Summer Beans with Preserved Lemon, Almonds, and Rosemary
Summer Beans with Preserved Lemon, Almonds, and Rosemary might be just the side dish you are searching for. Watching your figure? This gluten free and vegan recipe has 237 calories, 12g of protein, and 8g of fat per serving. This recipe covers 14% of your daily requirements of vitamins and minerals. This recipe serves 6. It will be a hit at your The Fourth Of July event. If you have purple beans, cloves garlic, salt and pepper, and a few other ingredients on hand, you can make it. From preparation to the plate, this recipe takes around 35 minutes.
Instructions
In a 5- to 6-quart pan over medium-low heat, toast almonds, stirring until golden, 5 to 8 minutes.
Add about 2 quarts water to pan and bring to a boil over high heat.

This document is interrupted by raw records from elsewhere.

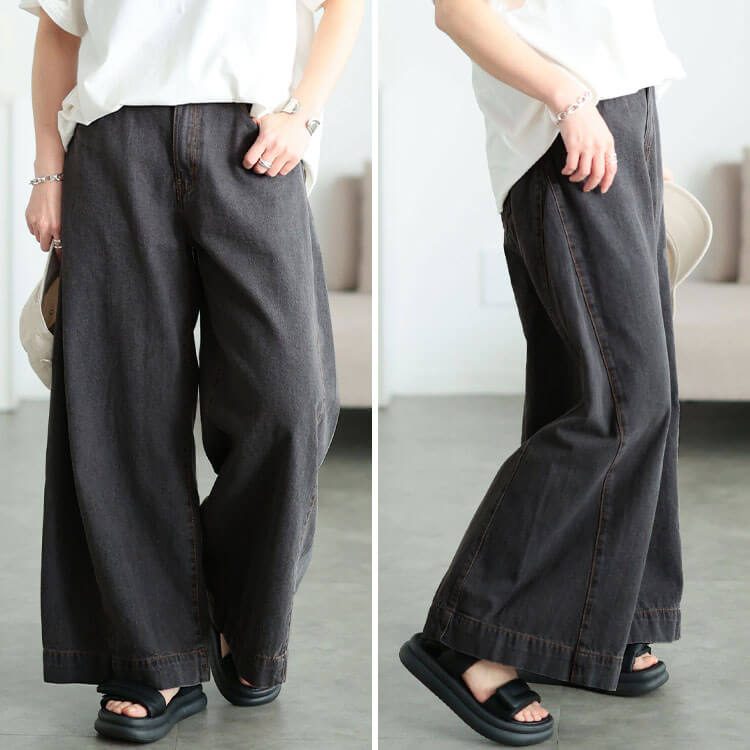 大きいサイズ レディース コットンデニムルーズワイドパンツ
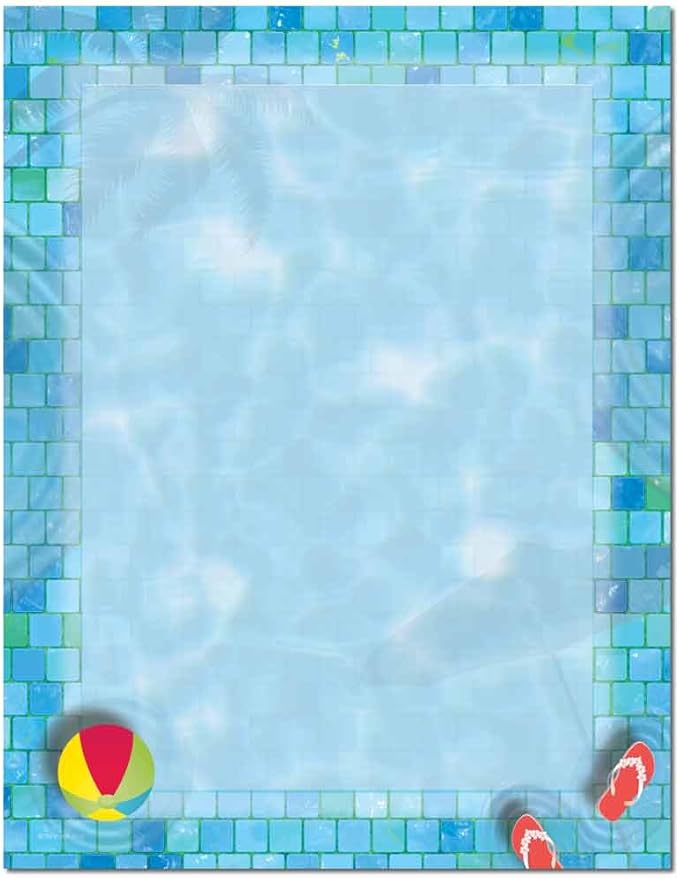 Swimming Pool Letterhead Laser & Inkjet Printer Paper, 100 pack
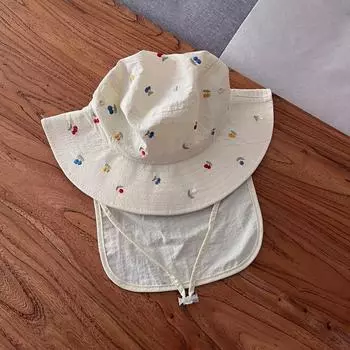 Детская шляпа от солнца с защитой от УФ-излучения, быстросохнущая дорожная пляжная шляпа, летняя детская шляпа-ведро Cherry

Meanwhile, rinse beans and trim off stem ends.
Add beans to boiling water and cook just until barely tender to bite, 3 to 6 minutes.
Drain and rinse with cold water until cool.
Rinse preserved lemon thoroughly under running water; discard seeds and pulp. Finely chop lemon and put in a large bowl. Stir in rosemary, olive oil, and garlic, then add beans and salt and pepper to taste.
Just before serving, mix in almonds.